Data Scientist (Remote)



Main Tasks & Requirements:

  • Design of an R package and a Python module to simplify the reuse of the harmonised data packages and their metadata, starting from case study materials provided as input and considering possible additional use cases;
  • Preparation of a plan to manage an agile project for the development and maintenance of the R package and the Python module – inside the client’s open source repository – to uptake feedback received from the users’ community of the R package and the Python module, until they will be mature;
  • Development of the R package and the Python module, including the versioning of the code inside the client’s repository, and creation of tutorial with practical examples for the self-training of the users of those software components;
  • Reporting frequently on the progress in the design, development and tutorial of the R package and the Python module, by adhering to the SCRUM and the PM2 Agile methodologies as for the management of iterations and tasks;
  • Assistance with refining the [meta]data harmonisation and packaging standards, also to introduce possible improvements in relation to the data principles and their implementation;
  • Interaction with the technical coordinator, the scientific coordinator, the scientists using data, the data harmonisation and integration expert also by writing technical reports to be revised in cooperation within the project team and possible other external stakeholders.
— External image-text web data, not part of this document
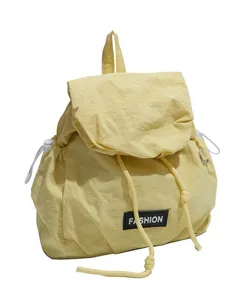Casual gele trekkoord geplooide rugzak voor vrouwen mode school dagelijkse reistas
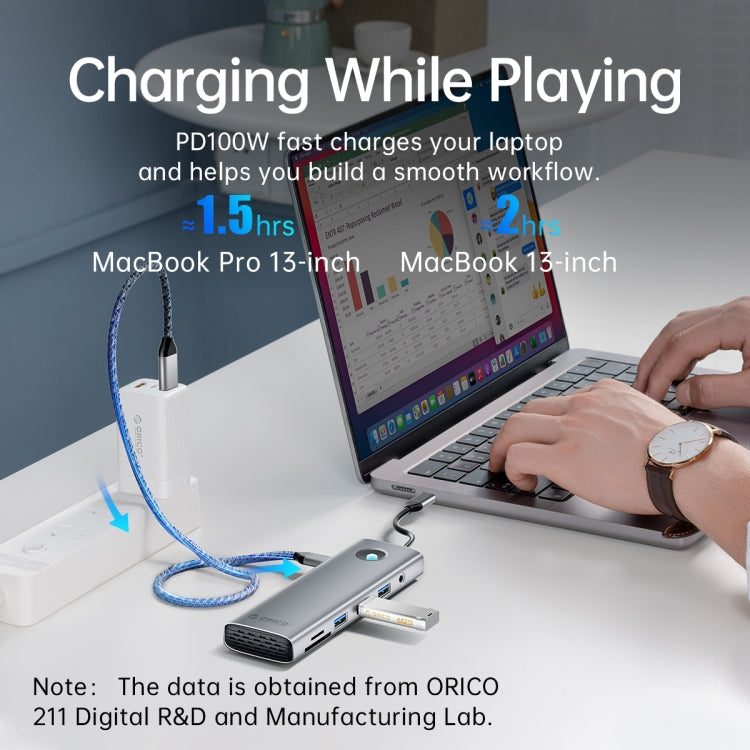 ORICO PW11-8PM Type-C / USB-C 8-in-1 5Gbps Multifunction Docking Station Card Reader (Silver) - HoMEdemic™ 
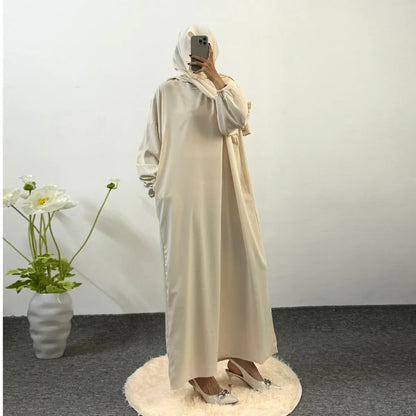 Ramadan Modesty Prayer Dress Women Jilbabs Kaftan Muslim Abayas Dubai Robe Hijab Smocking Sleeve Dresses Islamic Clothing.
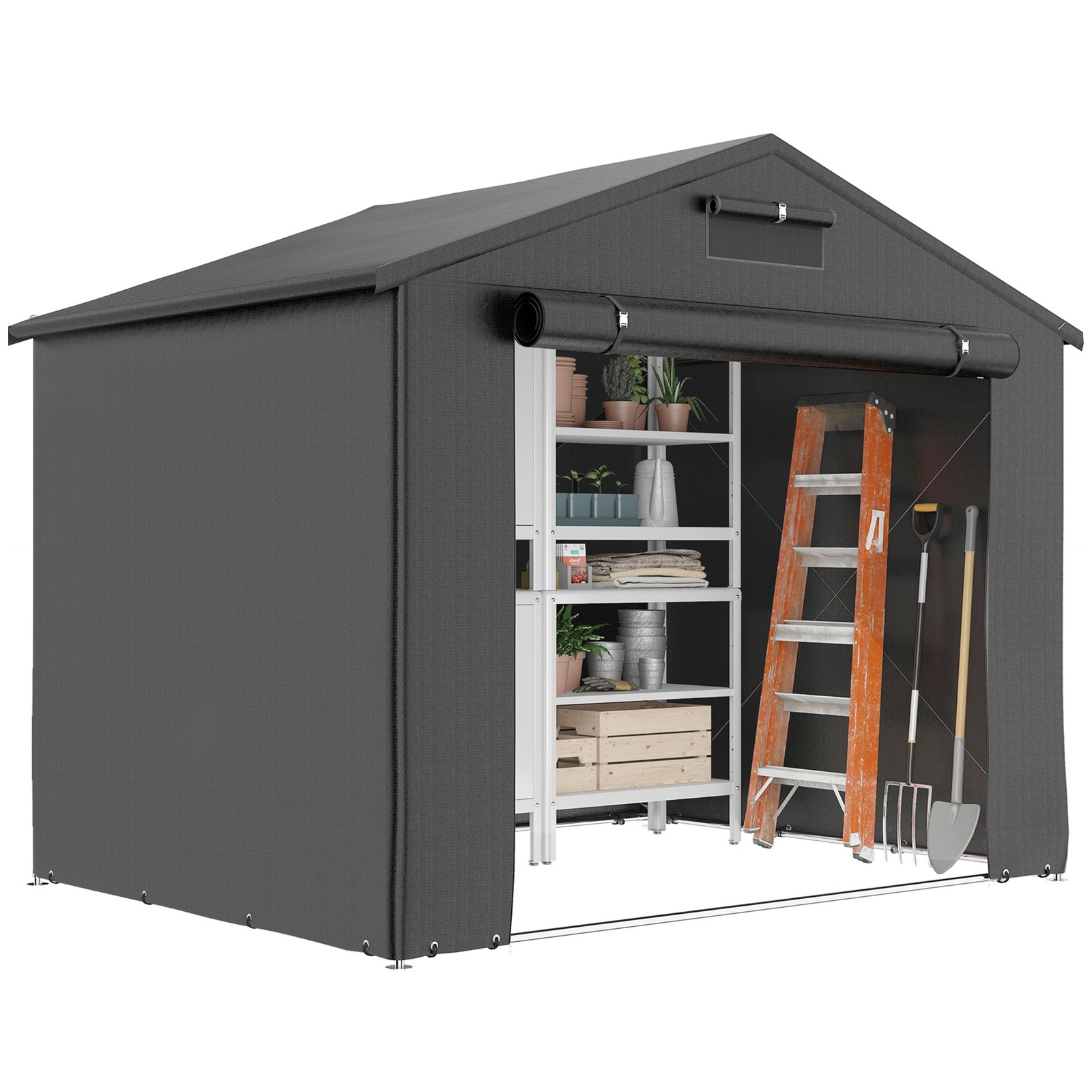 Outsunny 8 x 4 ft Garden Storage Shed with Roll-up Zipper Door, Dark Grey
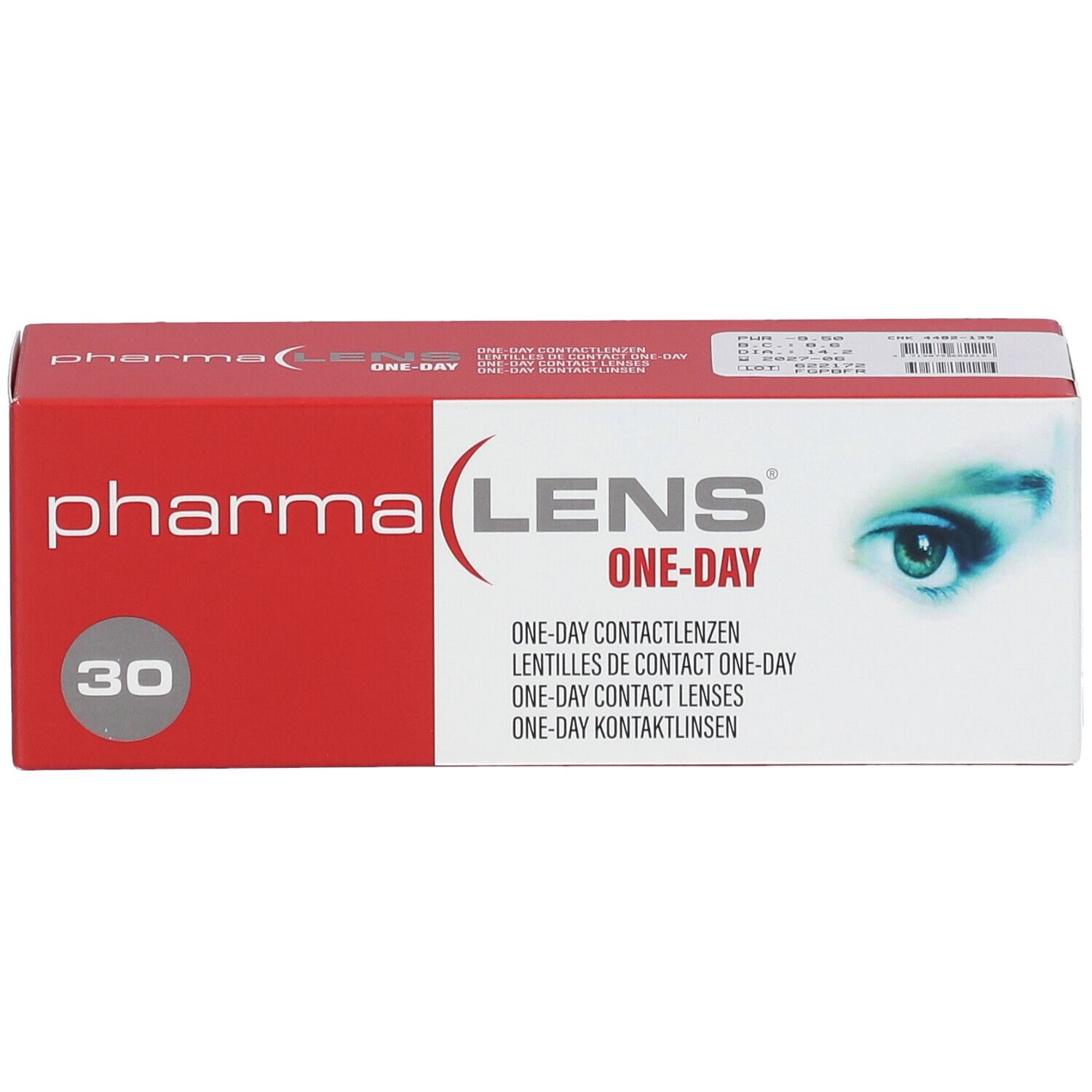 Kontaktlinsenverpackung. Rote und weiße Schachtel mit Aufschrift "pharma LENS ONE-DAY". 30 Stück.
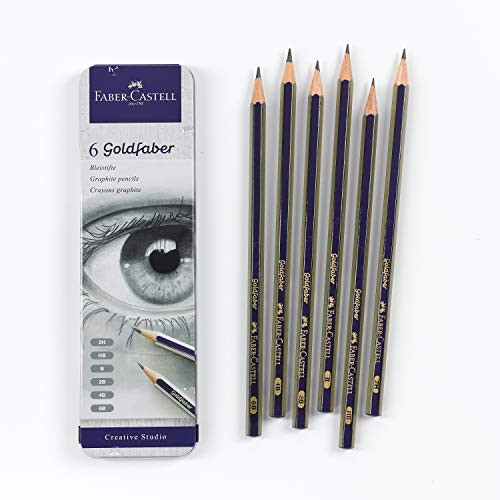 Faber-Castell Creative Studio Graphite Sketch Pencil Set  6 Graphite Pencils -2H HB B 2B 4B 6B-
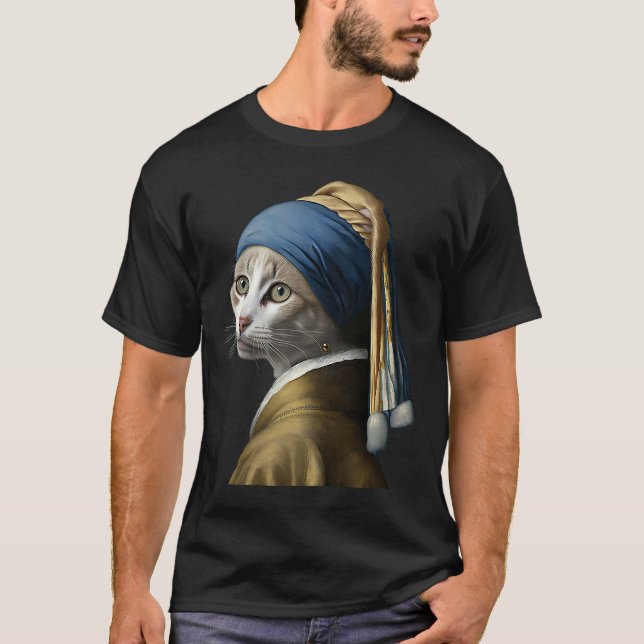 T-shirt Fille au collier de perles  Chat   1 (Devant)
Experience and Technical Requirements:

  • Excellent knowledge of R [Studio] and Python, including packages to manipulate different [meta]data formats (CSV, JSON, JSON-LD, RDF, XML, SQLite, etc.);
  • Ability to design data models and to use R and Python transforming them efficiently and fast, to support data analysis and visualisation (e.g. with R Markdown and ggplot or Shiny, Pandas, etc.);
  • Ability to design and to develop R software packages and Python software modules, by applying high quality standards and ensuring the code versioning (Git);
  • Sound knowledge of reference R packages and Python modules to retrieve and manipulate data, preferably developed by communities implementing authoritative data packaging and publication standards;
  • Ability to cope with evolving FAIR data modelling and formatting standards;
  • Very good communication skills with technical and non-technical audiences;
  • Analysis and problem-solving skills;
  • Capability to write clear and structured technical documents;
  • Ability to participate in technical meetings;
  • Ability to give business and technical presentations;
  • Master’s degree (preferable) and a minimum of 5 years of experience in data science with R and Python;
  • Certifications in PM2 Agile or SCRUM are a plus;
  • Good English level (minimum B2).